Exercise instructions —
Go to the line below containing "Immunohistochemistry of paraffin-embedded" and print exactly from there through the line containing "Urine Albumin Creatinine", both included. Print nothing else.

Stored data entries
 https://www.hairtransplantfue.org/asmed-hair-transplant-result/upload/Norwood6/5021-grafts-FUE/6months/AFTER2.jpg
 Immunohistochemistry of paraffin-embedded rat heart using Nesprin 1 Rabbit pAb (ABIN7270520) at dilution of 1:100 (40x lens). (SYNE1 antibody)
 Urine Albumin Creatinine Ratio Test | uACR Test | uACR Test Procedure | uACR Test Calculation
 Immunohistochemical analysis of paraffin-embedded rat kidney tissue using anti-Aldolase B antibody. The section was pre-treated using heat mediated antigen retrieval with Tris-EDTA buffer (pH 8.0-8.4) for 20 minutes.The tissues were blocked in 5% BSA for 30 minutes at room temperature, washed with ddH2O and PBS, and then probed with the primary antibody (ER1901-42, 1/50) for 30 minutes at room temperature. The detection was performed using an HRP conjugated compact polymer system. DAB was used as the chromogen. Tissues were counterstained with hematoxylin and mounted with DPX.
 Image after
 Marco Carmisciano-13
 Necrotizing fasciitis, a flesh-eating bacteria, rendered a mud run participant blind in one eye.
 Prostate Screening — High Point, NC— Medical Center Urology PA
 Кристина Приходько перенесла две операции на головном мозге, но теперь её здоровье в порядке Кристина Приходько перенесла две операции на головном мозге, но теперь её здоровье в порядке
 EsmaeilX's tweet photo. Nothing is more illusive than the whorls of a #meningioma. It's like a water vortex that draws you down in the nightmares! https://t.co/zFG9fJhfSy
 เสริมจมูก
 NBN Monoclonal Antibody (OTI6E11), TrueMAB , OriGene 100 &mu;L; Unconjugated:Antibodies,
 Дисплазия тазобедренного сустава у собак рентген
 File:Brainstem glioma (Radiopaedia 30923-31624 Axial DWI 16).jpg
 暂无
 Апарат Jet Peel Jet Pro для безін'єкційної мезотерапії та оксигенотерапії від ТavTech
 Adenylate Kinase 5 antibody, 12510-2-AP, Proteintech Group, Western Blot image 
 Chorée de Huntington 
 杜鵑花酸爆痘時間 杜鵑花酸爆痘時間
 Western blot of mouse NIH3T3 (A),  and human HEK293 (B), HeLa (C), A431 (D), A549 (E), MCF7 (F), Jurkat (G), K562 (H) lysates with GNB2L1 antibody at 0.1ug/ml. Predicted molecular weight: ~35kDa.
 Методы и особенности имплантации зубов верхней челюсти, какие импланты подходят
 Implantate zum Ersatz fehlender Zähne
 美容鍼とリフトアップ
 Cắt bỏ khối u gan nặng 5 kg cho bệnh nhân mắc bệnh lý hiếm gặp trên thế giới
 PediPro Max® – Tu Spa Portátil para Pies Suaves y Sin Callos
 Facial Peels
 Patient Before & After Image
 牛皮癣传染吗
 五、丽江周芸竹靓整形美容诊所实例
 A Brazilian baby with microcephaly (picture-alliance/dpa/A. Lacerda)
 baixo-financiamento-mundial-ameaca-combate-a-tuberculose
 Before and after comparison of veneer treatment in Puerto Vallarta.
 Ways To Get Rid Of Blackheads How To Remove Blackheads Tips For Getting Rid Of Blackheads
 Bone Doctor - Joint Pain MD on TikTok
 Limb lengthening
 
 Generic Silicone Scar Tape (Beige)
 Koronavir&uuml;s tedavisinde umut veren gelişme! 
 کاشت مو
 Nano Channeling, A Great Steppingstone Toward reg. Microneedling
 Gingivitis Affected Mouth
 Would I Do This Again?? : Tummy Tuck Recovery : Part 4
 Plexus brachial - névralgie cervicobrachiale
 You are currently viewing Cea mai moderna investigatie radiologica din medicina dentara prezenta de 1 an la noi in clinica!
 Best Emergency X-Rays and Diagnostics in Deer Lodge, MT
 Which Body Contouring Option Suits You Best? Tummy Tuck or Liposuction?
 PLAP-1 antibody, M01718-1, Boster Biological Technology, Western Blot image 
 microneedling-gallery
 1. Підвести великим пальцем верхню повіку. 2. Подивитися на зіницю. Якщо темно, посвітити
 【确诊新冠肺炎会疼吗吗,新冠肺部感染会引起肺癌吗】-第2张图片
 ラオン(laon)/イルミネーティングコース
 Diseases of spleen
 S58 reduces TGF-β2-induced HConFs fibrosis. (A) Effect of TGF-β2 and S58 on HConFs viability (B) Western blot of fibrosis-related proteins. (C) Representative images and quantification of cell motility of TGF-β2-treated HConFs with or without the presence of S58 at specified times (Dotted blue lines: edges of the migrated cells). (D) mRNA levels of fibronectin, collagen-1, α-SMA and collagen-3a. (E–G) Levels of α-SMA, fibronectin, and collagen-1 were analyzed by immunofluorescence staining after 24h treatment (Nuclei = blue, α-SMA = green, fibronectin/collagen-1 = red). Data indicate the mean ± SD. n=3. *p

Solution to the exercise —
 Immunohistochemistry of paraffin-embedded rat heart using Nesprin 1 Rabbit pAb (ABIN7270520) at dilution of 1:100 (40x lens). (SYNE1 antibody)
 Urine Albumin Creatinine Ratio Test | uACR Test | uACR Test Procedure | uACR Test Calculation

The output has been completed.